Should the number of victims from last weekend's accident be confirmed, it will be one of the biggest mishaps of its kind in decades. "A tragedy is happening in the Mediterranean and if the EU and the world continue to close their eyes to it, they will be condemned just as harshly as they were in the past when they closed their eyes to genocides and when those who were well-off did nothing," commented Prime Minister of Malta Joseph Muscat.
In January the Czech Government approved the reception of 15 children from Syria who are ill, accompanied by their families. Most Czech politicians made it very clear on that occasion that the country rejects the idea of centrally establishing quotas for the reception of refugees by the EU for the Member States and that they believe the Czech Republic is not prepared for a bigger influx of immigrants.
Speaking at a press conference yesterday, Czech Prime Minister Sobota said: "What is happening in the Mediterranean Sea is genuinely a series of enormous misfortunes and human tragedies. Dozens and sometimes hundreds of people are dying there and it's something that obviously disturbs everyone in Europe."
In order for this tragedy to be averted, Sobotka believes the EU should concentrate on stabilizing the countries from which or through which these refugees are traveling. He believes the EU should primarily strive to facilitate peace talks in Libya, from which thousands of people are heading to Europe.
"Without this, it is impossible to imagine that the stream of refugees from Africa will slow down or stop," he pointed out. He also said the Czech Republic is prepared to increase its aid to refugees.
According to the Czech PM, local aid is best in order to create better living conditions for local residents. "The Czech Republic provides direct aid to many refugee camps and we are prepared within the framework of European solidarity to increase the amount of aid we provide," he said.
Once again, Sobotka rejected the idea of introducing quotas for refugee reception EU-wide. Last weekend's tragedy took place in the sea off the Libyan coast.
Hundreds of migrants died at sea during the preceding week as well. During the first quarter of 2015, approximately 1 500 people died trying to sail the Mediterranean Sea and reach Europe, while the United Nations reports that during all of last year approximately 3 500 people died this way.
On Thursday 23 April an extraordinary EU summit will review the situation in Brussels. According to the President of the EU Council, Donald Tusk, the aim will be to discuss at the highest level what the Member States can and must do, together with the EU institutions, to ameliorate the situation.
"I do not anticipate any rapid solution for the root causes of migration, because if one existed we would have taken advantage of it long ago," Tusk admitted. He said it is also necessary to accelerate how to address those who "cynically make money" on smuggling people, risking the lives of others in so doing.
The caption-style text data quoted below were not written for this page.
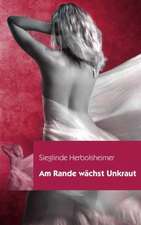 Am Rande Wachst Unkraut: The Immeasurable Equation. the Collected Poetry and Prose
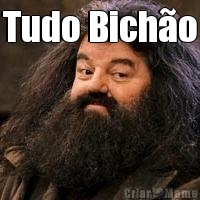 Tudo Bich�o 
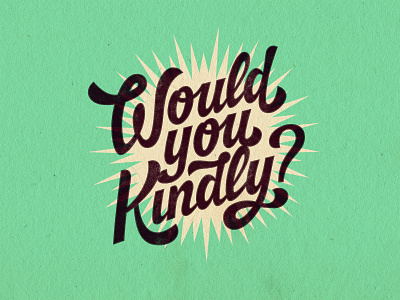Would You Kindly? bioshock design digitalart drawing gaming graphicdesign handlettering illustrator lettering photoshop retro script lettering textures type typography vector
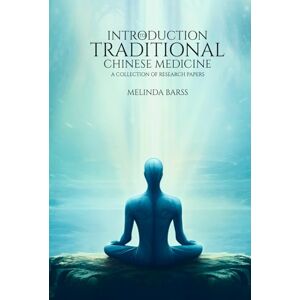 Barss, Melinda Introduction to Traditional Chinese Medicine A Collection of Research Papers: Explore TCM Theories, Meridians, Herbs, and Holistic Healing in this ... Health Help Spiritual Teen & Adult Series) Barss, Melinda Introduction to Traditional Chinese Medicine A Collection of Research Papers: Explore TCM Theories, Meridians, Herbs, and Holistic Healing in this ... Health Help Spiritual Teen & Adult Series)
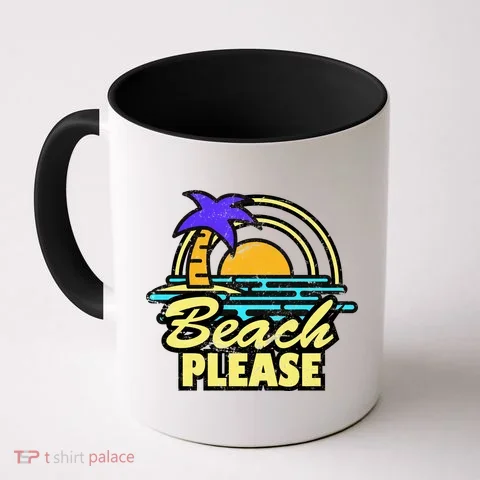 Beach Please Coffee Mug in the selected color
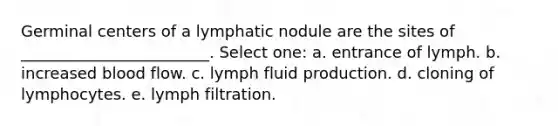 Germinal centers of a lymphatic nodule are the sites of ________________________. Select one: a. entrance of lymph. b. increased blood flow. c. lymph fluid production. d. cloning of lymphocytes. e. lymph filtration.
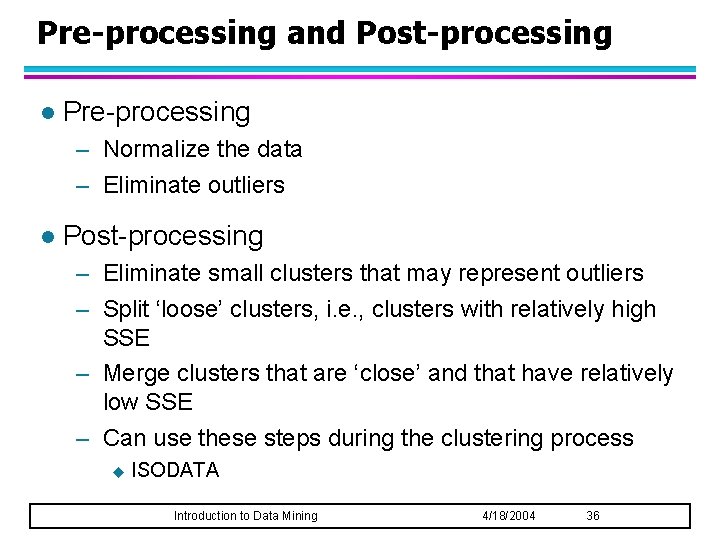 Pre-processing and Post-processing l Pre-processing – Normalize the data – Eliminate outliers l Post-processing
Italian Prime Minister Matteo Renzi called over the weekend for the summit to be convened. Italy in particular bears the greatest burden of the wave of refugees.
Until last year, Italy saved refugees at sea itself as part of its Mare Nostrum operation. That operation has now been replaced by the Triton mission of Frontex, which has a significantly smaller budget and is restricted in practice only to patrolling the areas concerned.